In addition to the Texas cases herein cited, Judge Hurt cites Breen v. Railway, 44 Tex. 306: Austin v. Railroad, 45 Tex. 267; Webb v. Maxan, 11 Tex. 678; and Tadlock v. Eccles, 20 Tex. 792, 73 Am.Dec. 213.

Under the authorities cited, as well as many others, we hold that the act of May 16, 1907, is not unconstitutional. That portion in regard to the appointment of an administrator to collect the taxes is in perfect harmony with the subject expressed in the title, and is not obnoxious to the constitutional provisions requiring the subject to be expressed in the title. There is but one subject treated in the act, and that is the collection of inheritance taxes.

Our statutes permit the appointment of a temporary administrator of estates, without notice to any one, and that power has never been questioned, and we fail to see that it would be unconstitutional to appoint an administrator of an estate as provided in the act under consideration, without notice, especially where the law definitely and clearly puts every one interested in an estate upon notice that, if they take no action in a certain time, an administrator must be appointed. Certainly it cannot be reasonably contended that nonresidents are favored above the citizens of the state, and must have notice of the appointment of an administrator. The law gives all the notice that can be demanded.

No property under the provisions of the act can be sold for taxes until notice is given to the interested parties by the appraisers, when the parties notified can appear and contest if they see proper. What would be proper or sufficient notice is a matter of construction. The statute says notice must be given, and the sufficiency of the notice would be a question to be addressed to a court. In regard to a similar law to this, it has been held:

"The Legislature not having prescribed the kind of notice, it may be personal or by mail." Atty. General v. Roche, 219 Mass. 601, 107 N.E. 667.

The Legislature had the right to provide for the appointment of appraisers, and no constitutional right of the appellants was infringed thereby. The appointment of an administrator is a part of the procedure in the county court prescribed for the collection of taxes, and it is not obnoxious to the due process clause of the federal Constitution. Due process of law has been exercised when the law of the state on the subject has been followed. White v. White (Sup.) 196 S.W. 508.

The law in question is not a special, but a general, law, applying equally and uniformly to every class of persons affected by its terms. It is a general law because it bears on every part of the state and on every person coming within its terms. A special law is one operating upon one or a portion of a class instead of upon all of a class.

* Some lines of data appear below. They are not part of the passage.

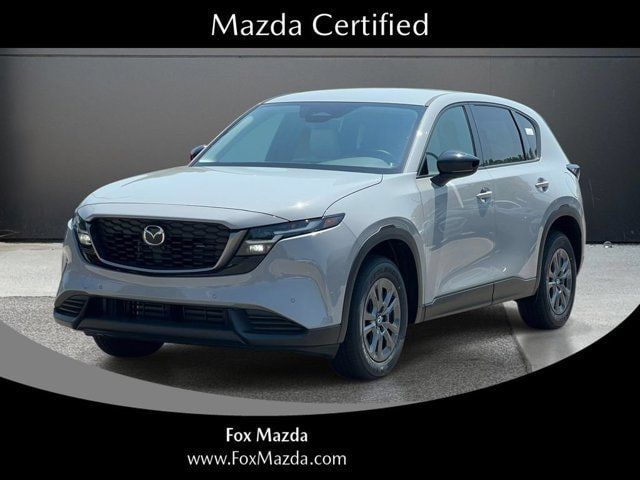 New 2026 MAZDA CX-5 Select AWD/4WD image 1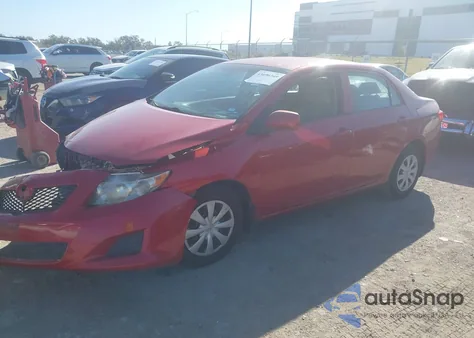 2010 Toyota Corolla Le из США, поврежденный, VIN 1NXBU4EE6AZ307526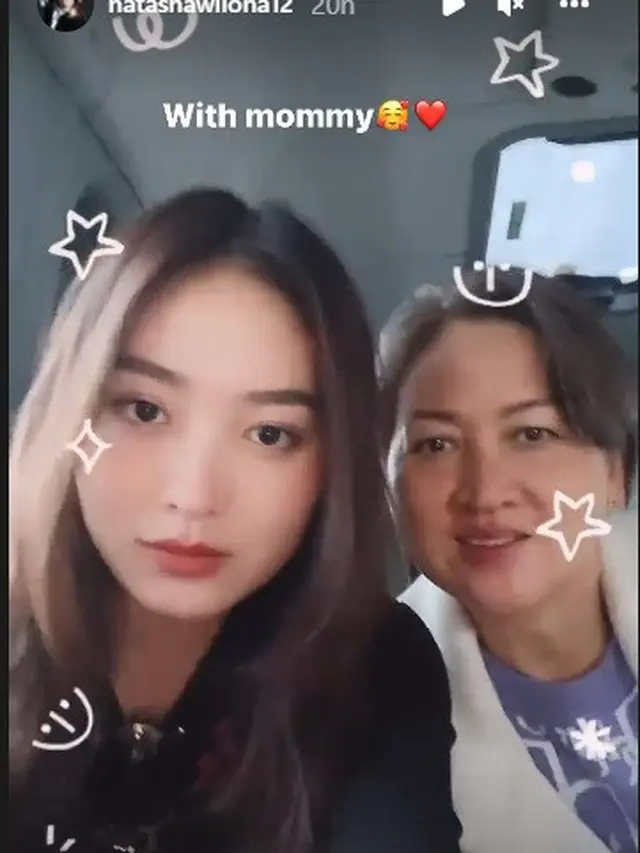 Natasha WIlona liburan akhir tahun 2021 di Turki (Foto: Instagram/@natashawilona12)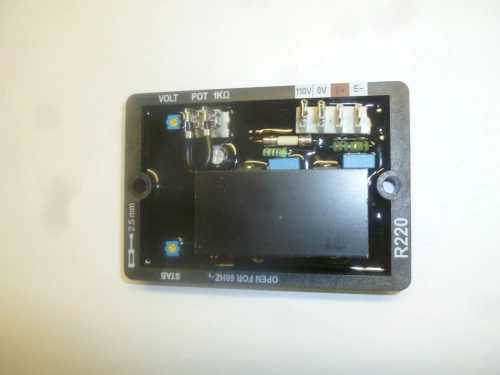 Регулятор напряжения R220/ AVR R220 по ценам производителя в Краснодаре с доставкой по всей России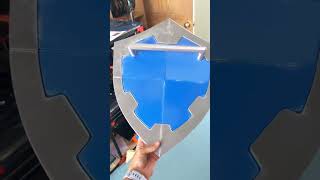 3D Printed Hylian Shield amp Assembly [upl. by Burwell]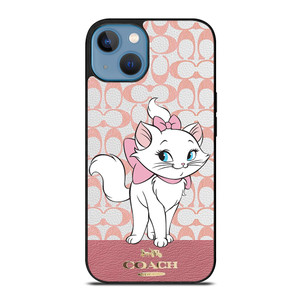 COACH NEW YORK LOGO ARISTOCAT MARIE DISNEY iPhone 13 Case Cover COACH NEW YORK LOGO ARISTOCAT MARIE DISNEY iPhone 13 Case Cover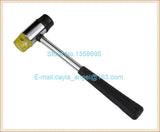 Rubber Hammer with Iron Handle for Jewelry DIY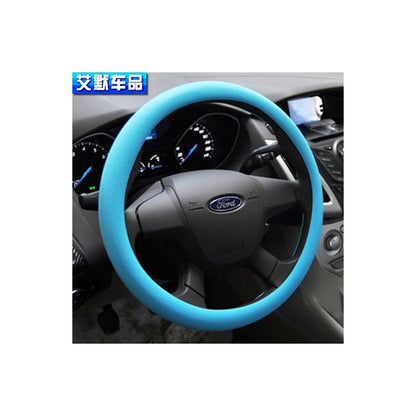 Funda de Volante de Silicona Azul Inodora Ultra Fina Carub 36Cm-42Cm
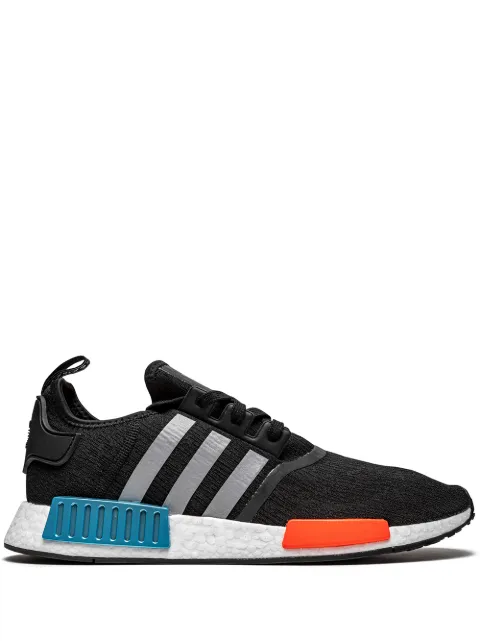 adidas NMD_R1 "Black/Silver/Solar Red" sneakers Black FY5727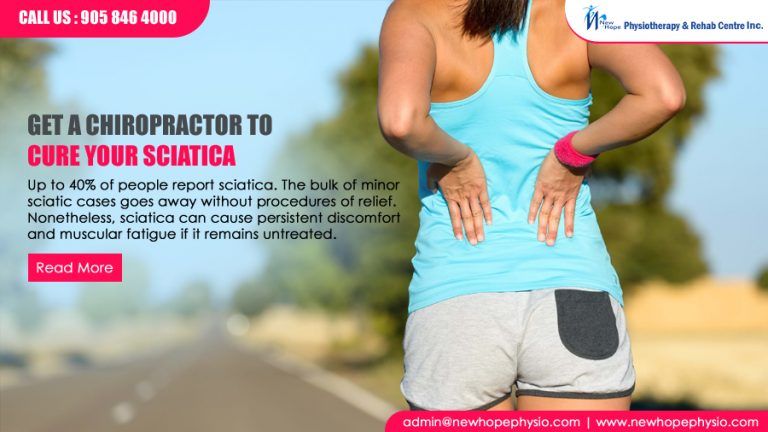 Get a Chiropractor to Cure your Sciatica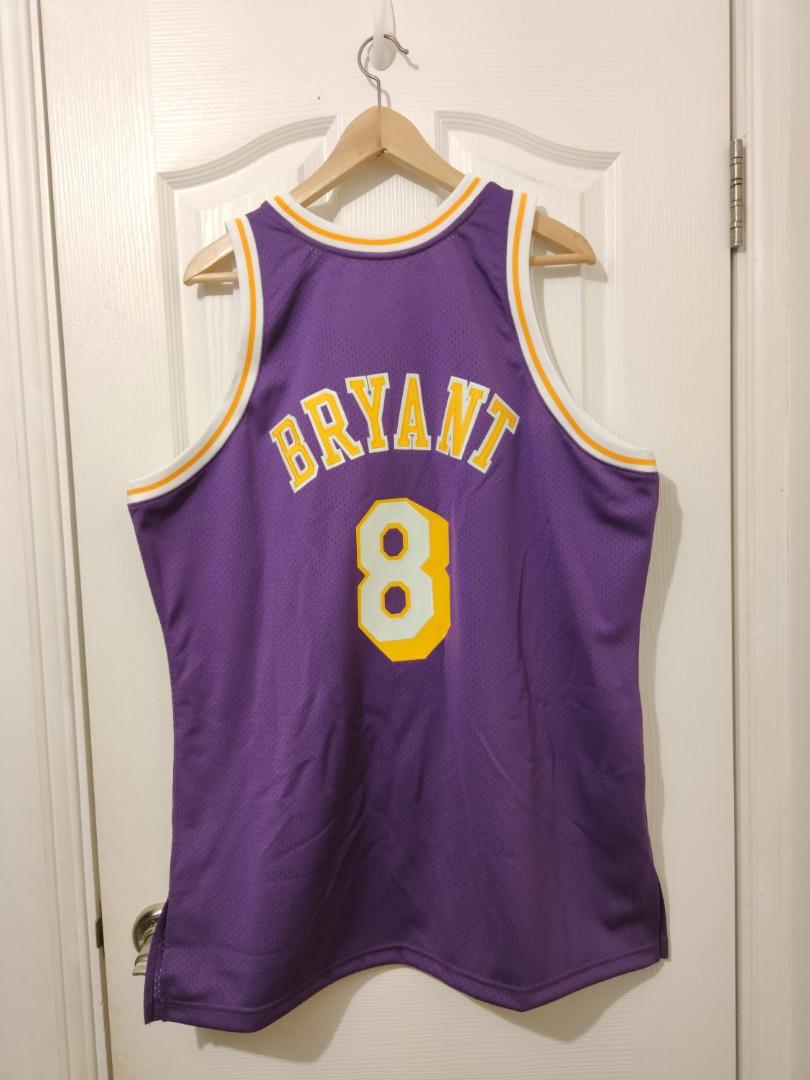 Mitchell and ness lakers jersey cheap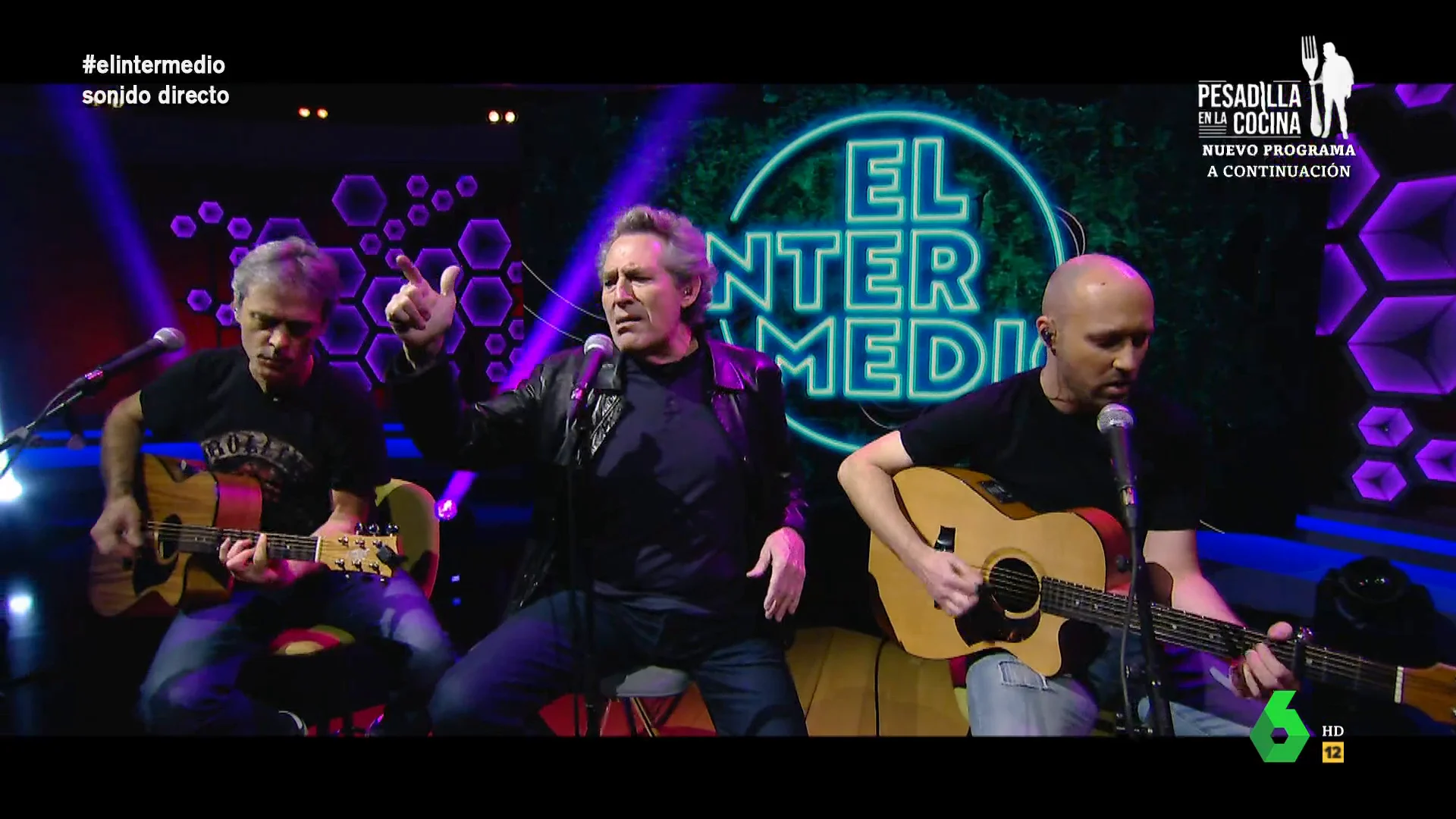 Miguel Ríos interpreta 'El blues del autobús' en El Intermedio: vuelve a ver su actuación en este vídeo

The law under consideration operates alike upon all brothers or sisters of the deceased, or a lineal descendant of such brother or sister, alike on all uncles or aunts or their lineal descendants, and alike upon any other persons, natural or artificial, that may inherit the property.

The statute empowers the county court to appoint the administrator and gives authority to the county judge, upon the filing of the report of the appraisers, to calculate the amount of the taxes. The law fixes the rate of taxation, and it is only a matter of calculation for the county judge to ascertain the taxes.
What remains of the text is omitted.